Mientras don Juan añadía a los antiguos blasones de su casa nuevos timbres con los laureles con que en Flandes se coronaba, vegetaba su hermano al lado de Violante, amándola cada día más.

Así le hubiera tal vez sorprendido la muerte, sin el incidente que vamos a referir.

Un primo hermano del marqués, llamado don Pedro de Hinojosa de Vargas, comendador del hábito de Santiago, hombre de poca más edad que él, pero de mucho más mundo, experiencia y penetración; fue a la corte a establecerse; y, como era natural, lo hizo en casa de su pariente.

Era el comendador uno de aquellos hombres que han aprendido a conocer el mundo a fuerza de repetidas y dolorosas experiencias, y que, aunque dotados de bastante rectitud de conciencia para no convertirse de víctimas en verdugos, conservan, sin embargo, para lo sucesivo, la memoria de los pasados extravíos, y jamás dan un paso sin estar seguros de la firmeza del terreno en que sientan el pie.
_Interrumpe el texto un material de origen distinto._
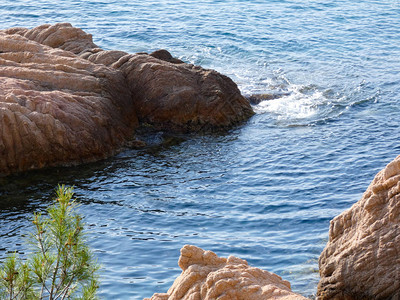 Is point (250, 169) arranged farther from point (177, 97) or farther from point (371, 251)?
point (371, 251)

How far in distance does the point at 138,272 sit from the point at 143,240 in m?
1.46

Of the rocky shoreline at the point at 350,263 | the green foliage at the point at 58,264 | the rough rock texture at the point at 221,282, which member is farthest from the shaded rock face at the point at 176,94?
the green foliage at the point at 58,264

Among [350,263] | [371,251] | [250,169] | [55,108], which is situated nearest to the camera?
[371,251]

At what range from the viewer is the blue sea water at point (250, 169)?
39.9ft

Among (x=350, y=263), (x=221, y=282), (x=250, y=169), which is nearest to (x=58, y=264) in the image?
(x=221, y=282)

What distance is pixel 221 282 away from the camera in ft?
23.6

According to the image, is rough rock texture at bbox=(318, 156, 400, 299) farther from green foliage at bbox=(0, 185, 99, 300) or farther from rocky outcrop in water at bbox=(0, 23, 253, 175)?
rocky outcrop in water at bbox=(0, 23, 253, 175)

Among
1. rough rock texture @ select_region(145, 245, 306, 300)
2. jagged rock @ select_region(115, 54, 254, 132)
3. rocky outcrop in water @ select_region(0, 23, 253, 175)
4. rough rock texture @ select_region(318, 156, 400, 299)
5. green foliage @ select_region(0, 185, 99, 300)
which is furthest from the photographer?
jagged rock @ select_region(115, 54, 254, 132)

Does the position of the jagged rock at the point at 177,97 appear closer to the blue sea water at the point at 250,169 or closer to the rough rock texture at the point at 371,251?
the blue sea water at the point at 250,169

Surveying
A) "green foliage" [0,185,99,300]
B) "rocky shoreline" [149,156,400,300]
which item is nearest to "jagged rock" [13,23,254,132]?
"rocky shoreline" [149,156,400,300]

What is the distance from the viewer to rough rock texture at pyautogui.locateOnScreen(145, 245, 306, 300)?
23.4ft

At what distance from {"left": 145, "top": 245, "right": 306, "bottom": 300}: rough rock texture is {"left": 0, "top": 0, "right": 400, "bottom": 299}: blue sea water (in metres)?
2.86

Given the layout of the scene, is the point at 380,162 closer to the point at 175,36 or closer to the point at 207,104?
the point at 207,104

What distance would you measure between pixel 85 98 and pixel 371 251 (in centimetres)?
1058
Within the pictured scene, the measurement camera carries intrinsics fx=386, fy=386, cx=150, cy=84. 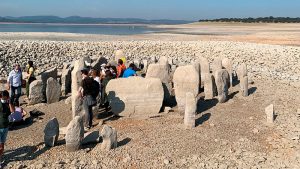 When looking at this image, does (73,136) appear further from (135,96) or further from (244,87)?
(244,87)

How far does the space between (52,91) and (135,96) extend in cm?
340

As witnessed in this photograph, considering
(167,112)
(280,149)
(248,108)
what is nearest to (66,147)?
(167,112)

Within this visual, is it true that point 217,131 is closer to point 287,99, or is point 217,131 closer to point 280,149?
point 280,149

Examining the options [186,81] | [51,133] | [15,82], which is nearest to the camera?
[51,133]

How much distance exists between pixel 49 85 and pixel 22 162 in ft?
17.2

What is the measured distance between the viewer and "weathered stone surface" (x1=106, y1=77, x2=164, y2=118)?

Para obrar así es preciso ser observador. Hinojosa, pues, lo era; como no era necesario demasiada perspicacia para conocer de qué pie cojeaban los acompañantes de su primo, a los ocho días de estar en su casa vio, desde luego, que éste era juguete de sus pretendidos amigos.

Las relaciones del marqués con Violante le parecieron sospechosas, sin más que saber su origen, y a poco que averiguó tuvo motivos de confirmarse en el propósito formado de desembarazar a su pariente de tan vergonzosos lazos.

El medio para conseguirlo no era fácil de hallar; la menor insinuación que se le hiciese al marqués contra su amada y amigos le sacaban realmente de sus casillas. Razones eran, pues, excusadas; hechos, y hechos claros y evidentes, eran los únicos que podían convencer al engañado amante.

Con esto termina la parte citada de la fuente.